» Data excerpts:
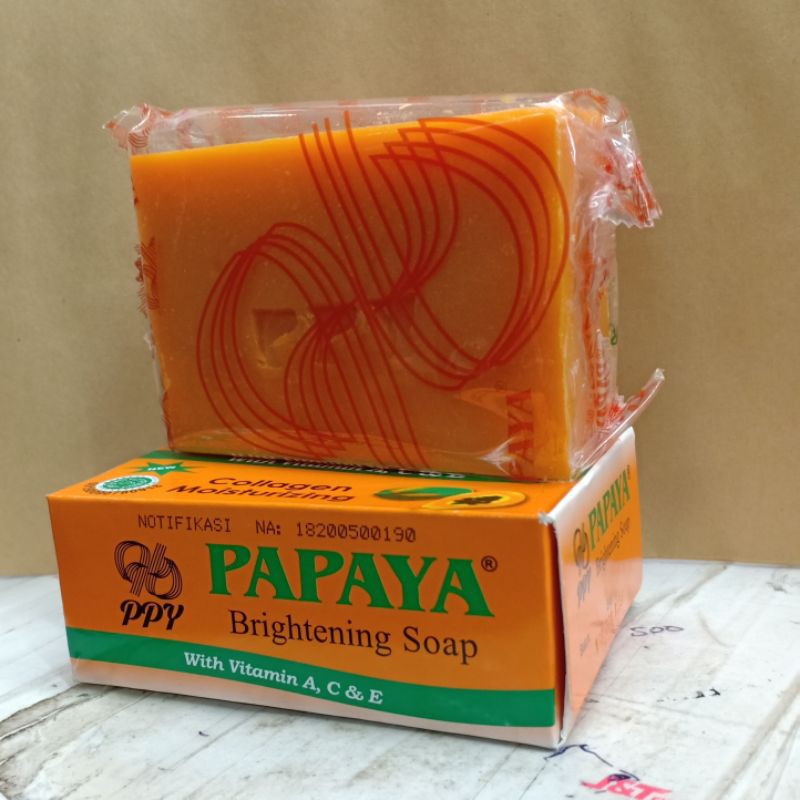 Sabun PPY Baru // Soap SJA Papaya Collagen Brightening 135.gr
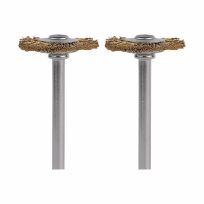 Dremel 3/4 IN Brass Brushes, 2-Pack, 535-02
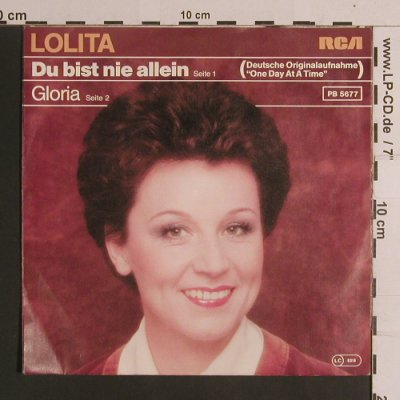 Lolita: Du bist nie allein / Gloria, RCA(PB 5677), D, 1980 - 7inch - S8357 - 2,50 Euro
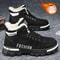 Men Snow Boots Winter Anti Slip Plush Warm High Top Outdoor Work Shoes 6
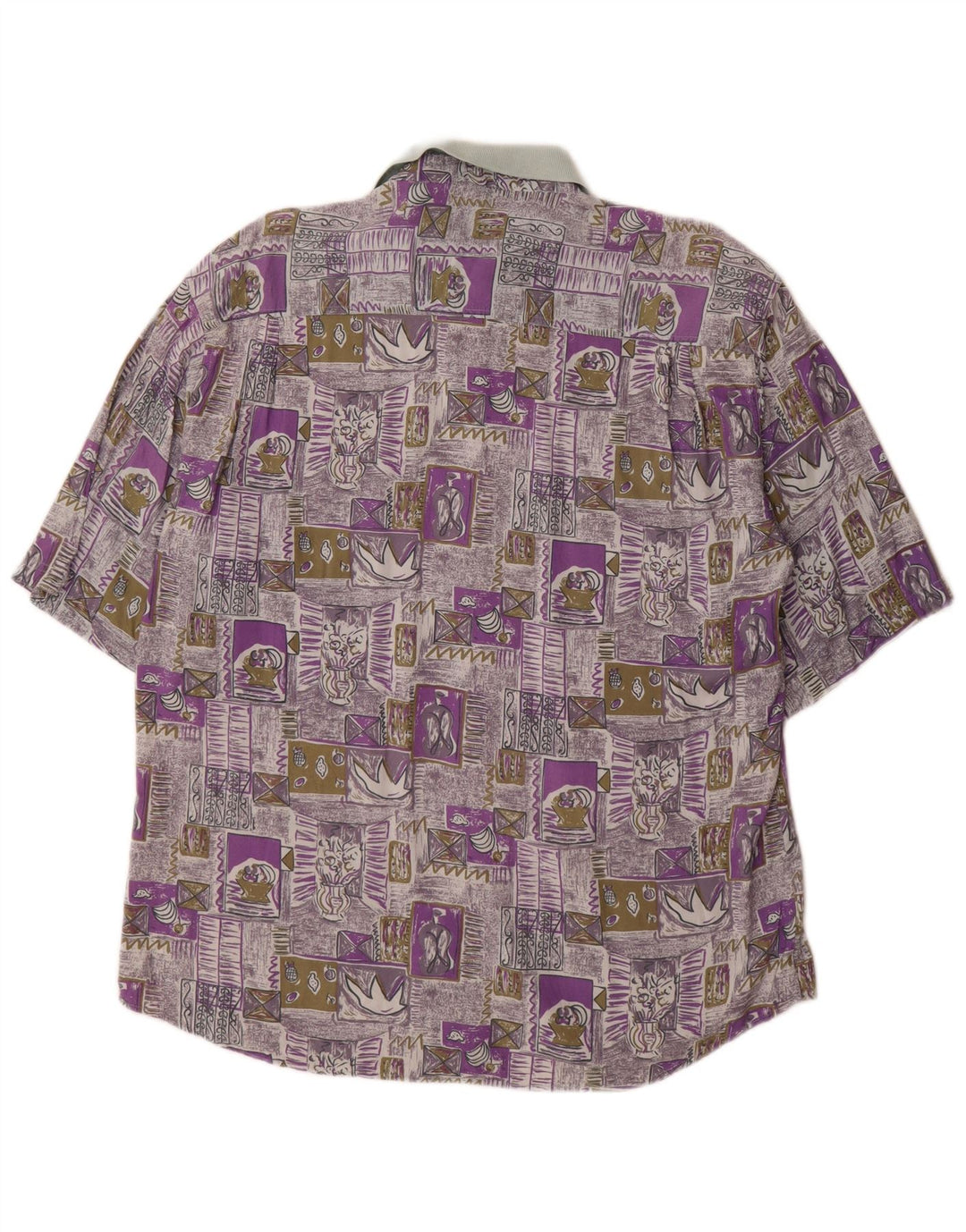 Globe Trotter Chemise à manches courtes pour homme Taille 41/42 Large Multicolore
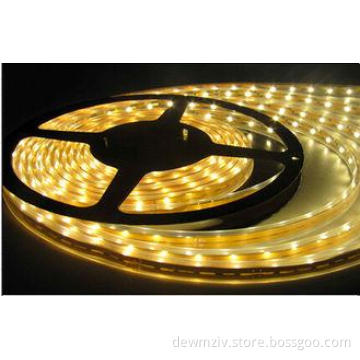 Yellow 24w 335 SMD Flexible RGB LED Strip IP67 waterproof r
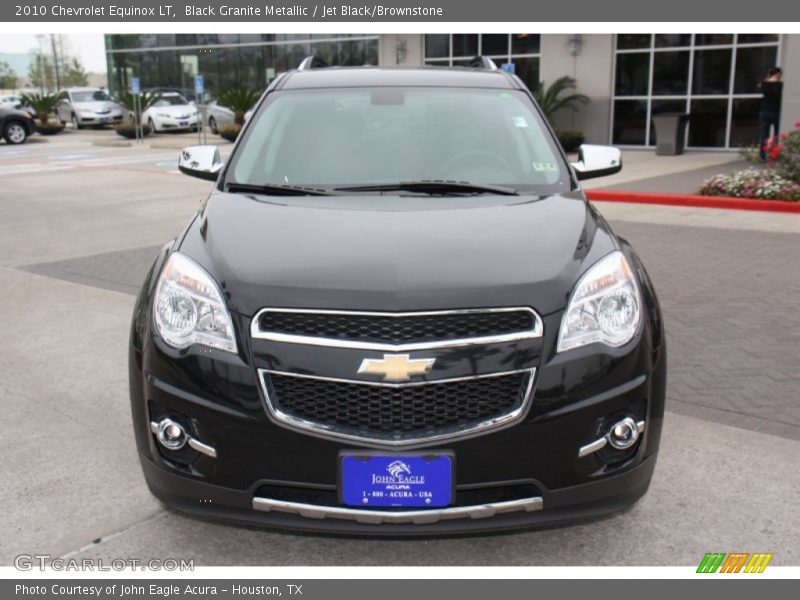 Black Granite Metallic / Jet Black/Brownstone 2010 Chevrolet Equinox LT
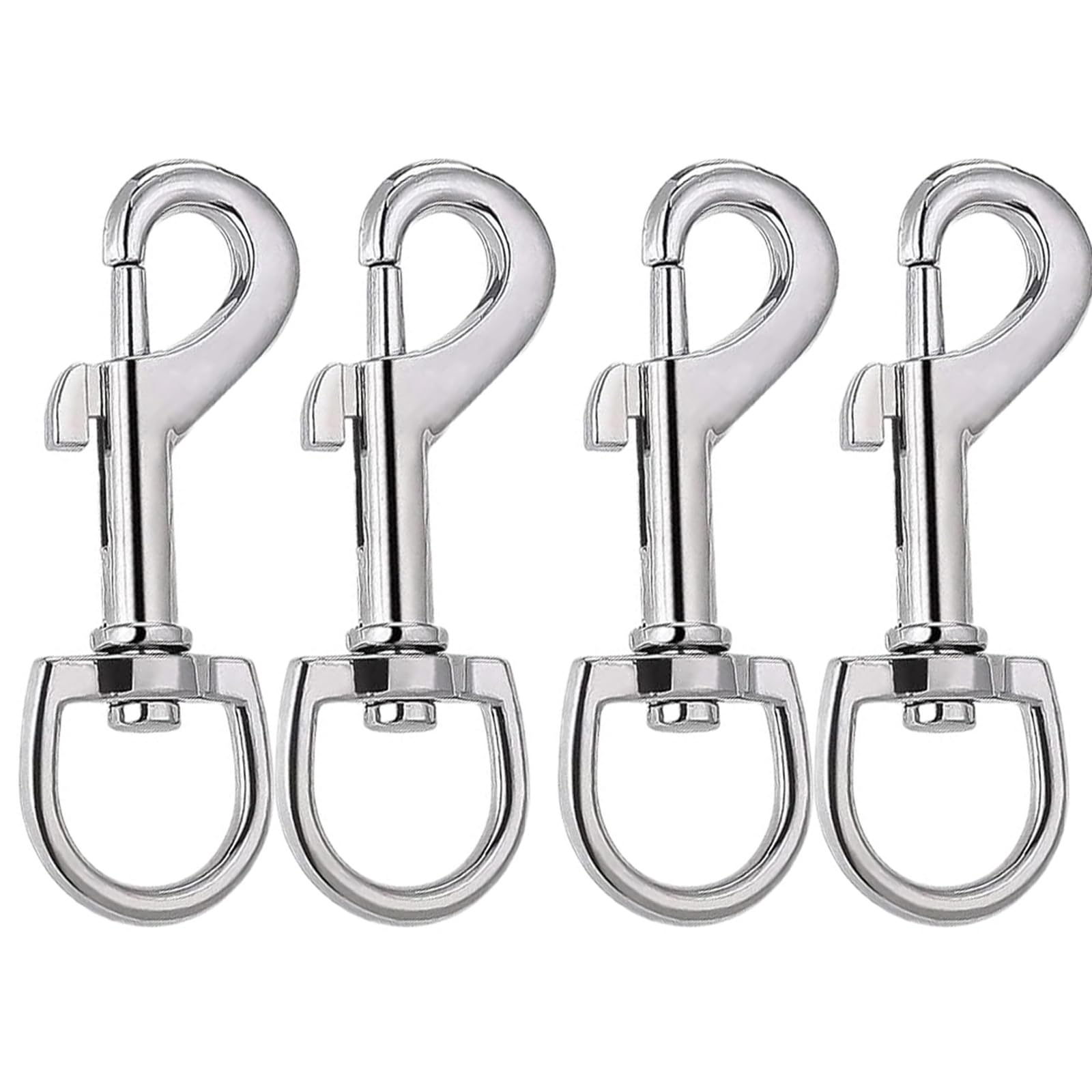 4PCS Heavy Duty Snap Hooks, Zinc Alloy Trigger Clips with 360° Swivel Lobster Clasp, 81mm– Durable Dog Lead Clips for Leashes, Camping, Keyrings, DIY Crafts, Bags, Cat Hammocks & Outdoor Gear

» Exercise objective:
Given the listing above, repeat exactly the lines starting at the one with "Lolita: Du bist" and ending at the one with "Globe Trotter Chemise", inclusive, excluding pictures.

» Task result:
 Lolita: Du bist nie allein / Gloria, RCA(PB 5677), D, 1980 - 7inch - S8357 - 2,50 Euro
 Men Snow Boots Winter Anti Slip Plush Warm High Top Outdoor Work Shoes 6
 Globe Trotter Chemise à manches courtes pour homme Taille 41/42 Large Multicolore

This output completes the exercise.